This would leave a gap in the response of the speaker system, the audibility of which you would have to judge. Dips are less objectionable than peaks and at least you can be assured that the 4 ohm tweeter would suffer no damage.
Obviously an L-pad can't help restore the crossover point, it can only attenuate the replacement tweeter if happens to be louder than the original.
Without a crossover schematic to inform the experts, and given the urgency of your situation, I can't see you have any option other than to go with your reasoning. Your ears will tell you how valid that reasoning is!
Do let us know how you get on.
Ok, now I think we may have enough information to figure out the schematic on the PSB Image 2B crossover and figure out what the impedance was of the original tweeter.
Attached are photos of the topside and underside of the XO PCB.

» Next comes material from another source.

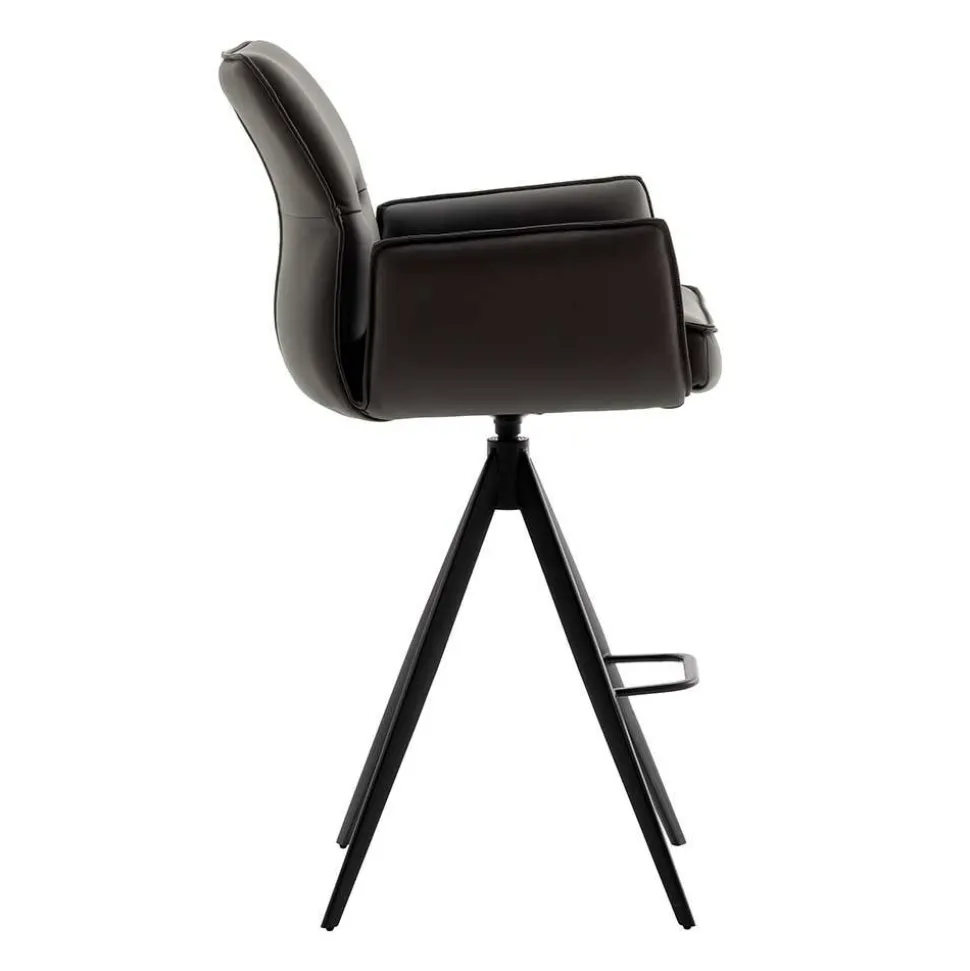 Armlehnen-Tresenstühle aus Echtleder - Delamaro (2er Set)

When looking at the underside photo, the speaker (+) terminal is on the left. Yellow wire is tweeter (+), blue is tweeter (-). On the woofer, I'm not quite sure which is (+) on the woofer side but it looks to me the iron core inductor jumps from the positive terminal to the black wire so maybe black is (+) on the woofer?
When looking at the topside photo, the cap lowest down and to the right is 8.0 uF. The next one up and sort of in the middle of the board is the 1.5 uF. The other cap at the top is 12 Ohms. I don't know the inductance ratings of any of the inductors.
Right off the get-go, it appears to me that the 3.3 ohm resistor is in series with the tweeter (+). Is that correct?
Lojzek, is this enough information for you to suss out the XO schematic and figure out the most likely impedance of the original tweeter given the response curves I provided earlier?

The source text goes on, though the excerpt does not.